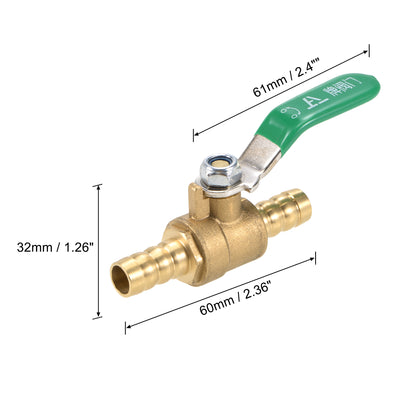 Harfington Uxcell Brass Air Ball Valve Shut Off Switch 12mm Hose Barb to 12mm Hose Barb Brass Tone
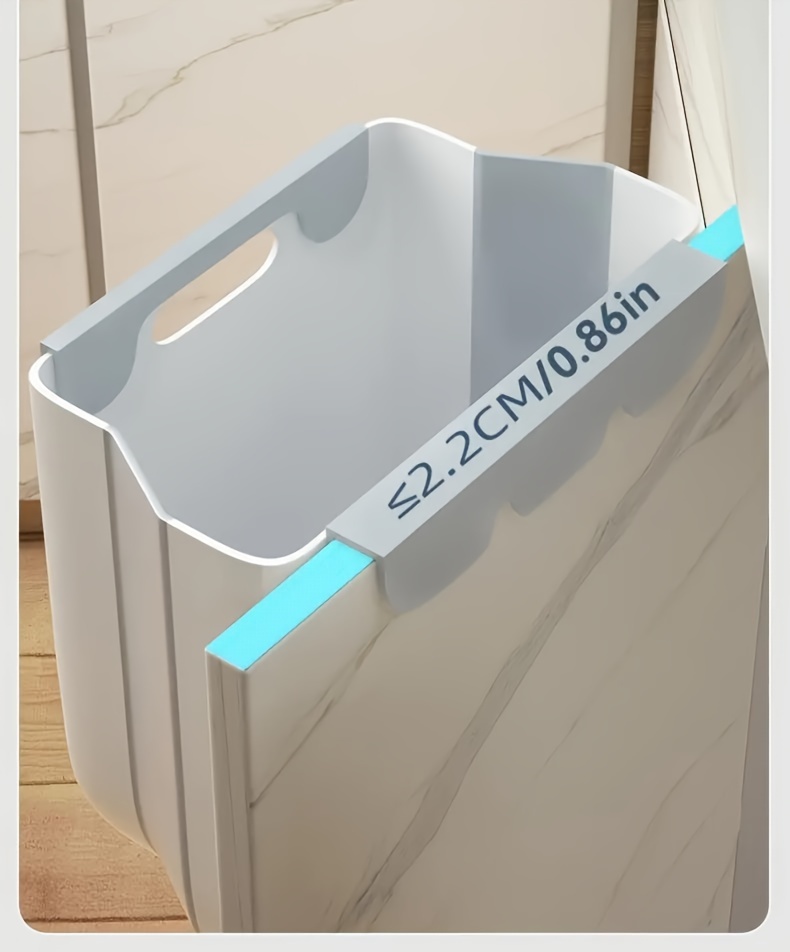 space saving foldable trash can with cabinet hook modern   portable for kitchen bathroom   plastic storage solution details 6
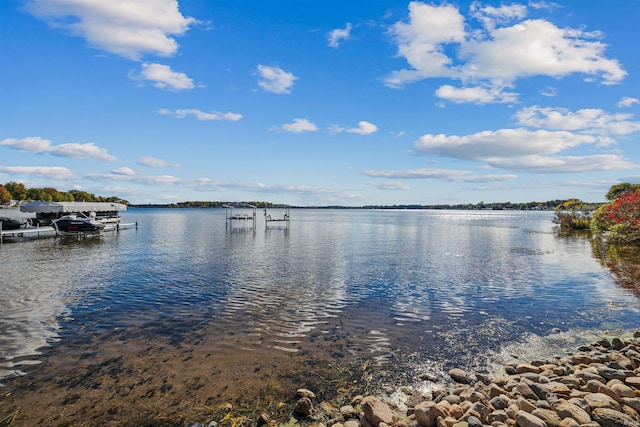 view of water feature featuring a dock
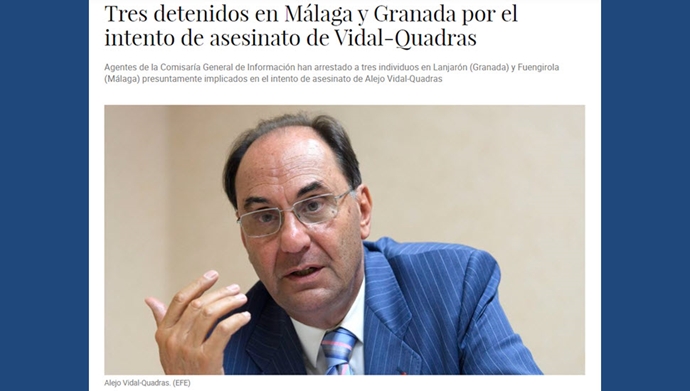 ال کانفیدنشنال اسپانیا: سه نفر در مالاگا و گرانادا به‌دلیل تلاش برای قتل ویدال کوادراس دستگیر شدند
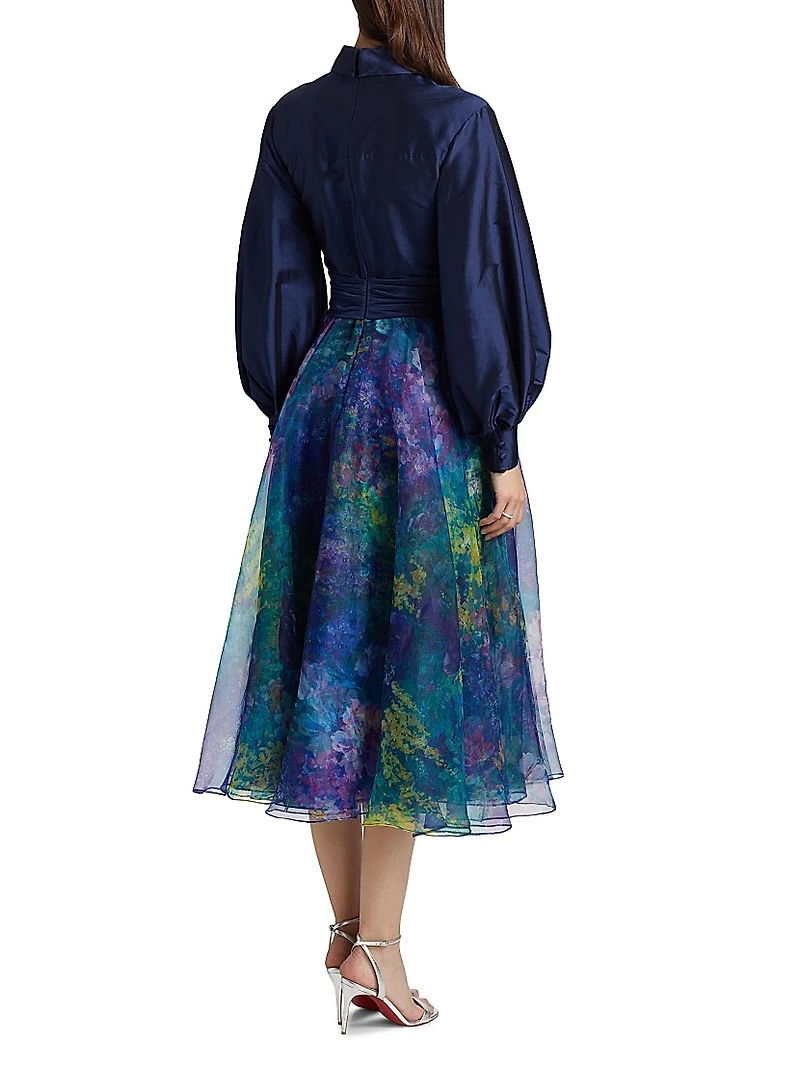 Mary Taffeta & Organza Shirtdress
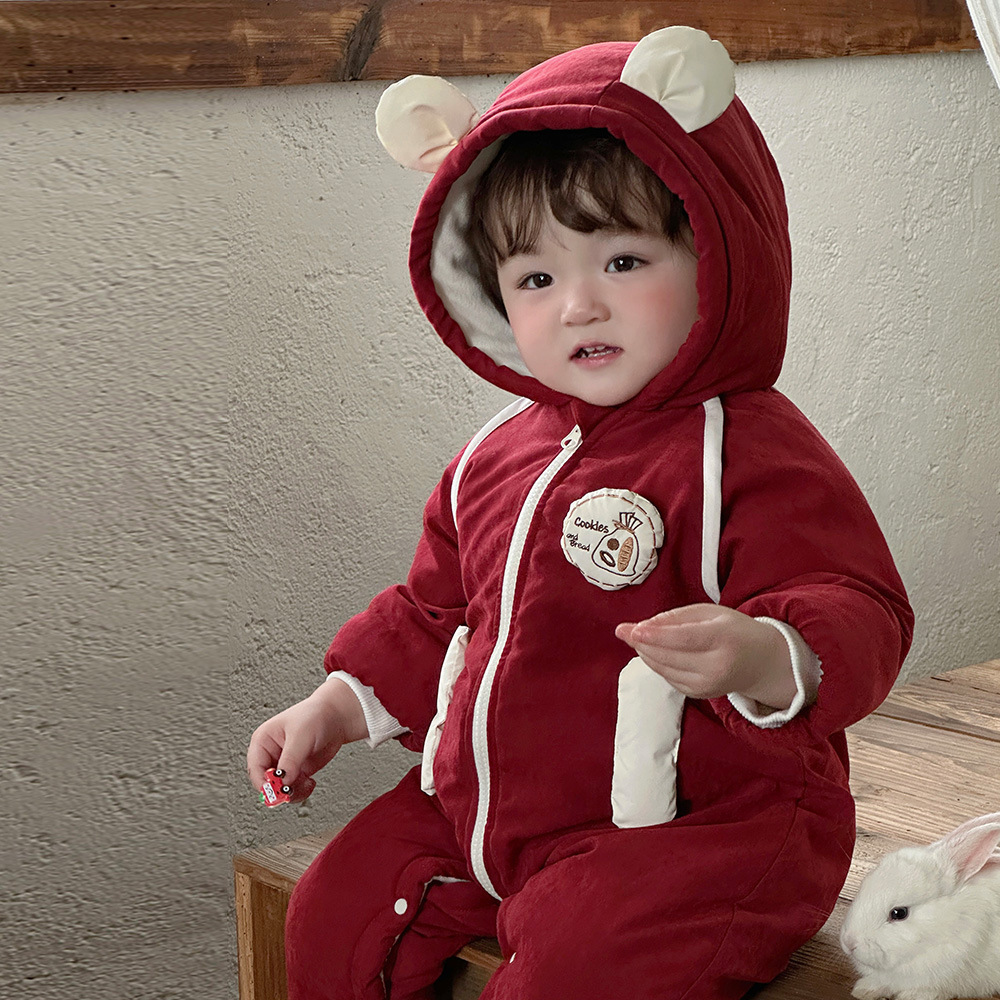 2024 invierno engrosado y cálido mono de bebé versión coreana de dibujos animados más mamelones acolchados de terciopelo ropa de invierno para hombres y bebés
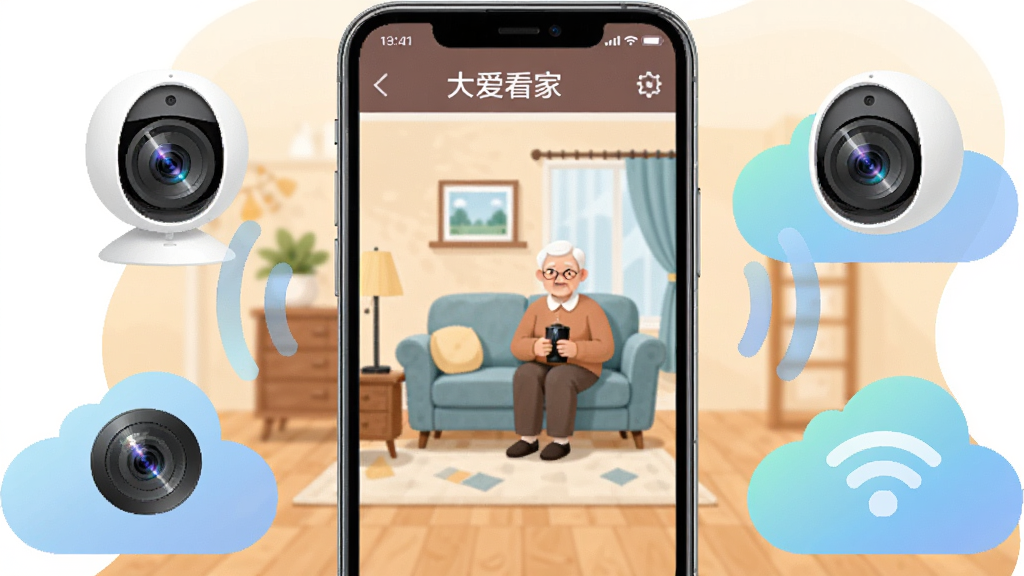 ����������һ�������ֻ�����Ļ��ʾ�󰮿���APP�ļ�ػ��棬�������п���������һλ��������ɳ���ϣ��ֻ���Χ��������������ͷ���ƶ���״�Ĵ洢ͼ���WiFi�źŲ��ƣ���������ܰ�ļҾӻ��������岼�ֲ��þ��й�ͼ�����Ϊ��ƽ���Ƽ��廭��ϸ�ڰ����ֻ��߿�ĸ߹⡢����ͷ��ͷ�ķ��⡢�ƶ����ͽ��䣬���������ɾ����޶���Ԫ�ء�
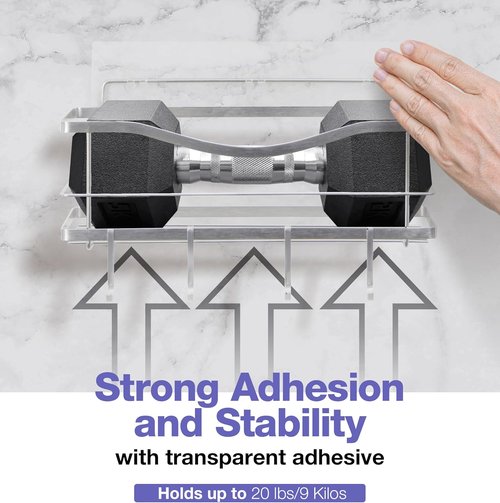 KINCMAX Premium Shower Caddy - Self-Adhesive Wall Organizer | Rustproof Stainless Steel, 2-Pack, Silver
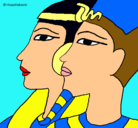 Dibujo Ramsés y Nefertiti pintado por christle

→ **PROBLEM DESCRIPTION**: Output the whole listing exactly. Pictures stay out.

→ **ANSWER TO THIS EXERCISE**:
 Harfington Uxcell Brass Air Ball Valve Shut Off Switch 12mm Hose Barb to 12mm Hose Barb Brass Tone
 space saving foldable trash can with cabinet hook modern   portable for kitchen bathroom   plastic storage solution details 6
 view of water feature featuring a dock
 ال کانفیدنشنال اسپانیا: سه نفر در مالاگا و گرانادا به‌دلیل تلاش برای قتل ویدال کوادراس دستگیر شدند
 Mary Taffeta & Organza Shirtdress
 2024 invierno engrosado y cálido mono de bebé versión coreana de dibujos animados más mamelones acolchados de terciopelo ropa de invierno para hombres y bebés
 ����������һ�������ֻ�����Ļ��ʾ�󰮿���APP�ļ�ػ��棬�������п���������һλ��������ɳ���ϣ��ֻ���Χ��������������ͷ���ƶ���״�Ĵ洢ͼ���WiFi�źŲ��ƣ���������ܰ�ļҾӻ��������岼�ֲ��þ��й�ͼ�����Ϊ��ƽ���Ƽ��廭��ϸ�ڰ����ֻ��߿�ĸ߹⡢����ͷ��ͷ�ķ��⡢�ƶ����ͽ��䣬���������ɾ����޶���Ԫ�ء�
 KINCMAX Premium Shower Caddy - Self-Adhesive Wall Organizer | Rustproof Stainless Steel, 2-Pack, Silver
 Dibujo Ramsés y Nefertiti pintado por christle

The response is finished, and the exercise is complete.